TO HAVE THIS PICTURE complete in the mind, it is necessary to remember that there are about 250 people in the house, that the atmosphere is hot and heavy, that there is hardly room to turn round in the apartments, that almost every one is drunk, and that over all the din rises as if in horrid chorus the screams of affrighted infancy, as blow after blow descends upon the body of one or the other of the contending parents. Get this in your mind, gentle reader, and you will have some little conception of what life means in the place described. When such scenes are once visited it ceases to be wonderful that there are thieves and Magdalenes, and it becomes astonishing that from such rookeries and from amid such circumstances, the country should get so much honest labor and so many examples of virtue and uncompromising integrity.

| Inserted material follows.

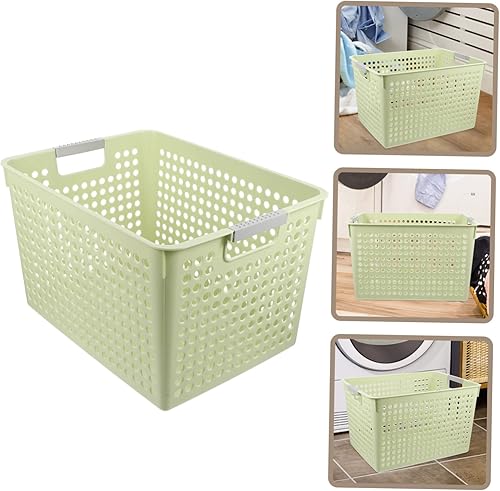 Miniatura 9 de Cabilock Cesta de almacenamiento para ropa sucia, organizador de ahorro de espacio, cesta de condimentos de cocina, organizador de cubo para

After going through the house the reporter passed out into a large space called the yard, which seemed to stand in that relation to the entire block. It cannot be described. Every thing about it was sickening, and yet looking out upon it from every conceivable point were human beings, hundreds of whom had only this prospect presented to them from the solitary window in their houses; while as if to intensify that which seemed in all conscience bad enough, pigs, goats, ducks and chickens and the inevitable dog, ran, hopped and waddled about.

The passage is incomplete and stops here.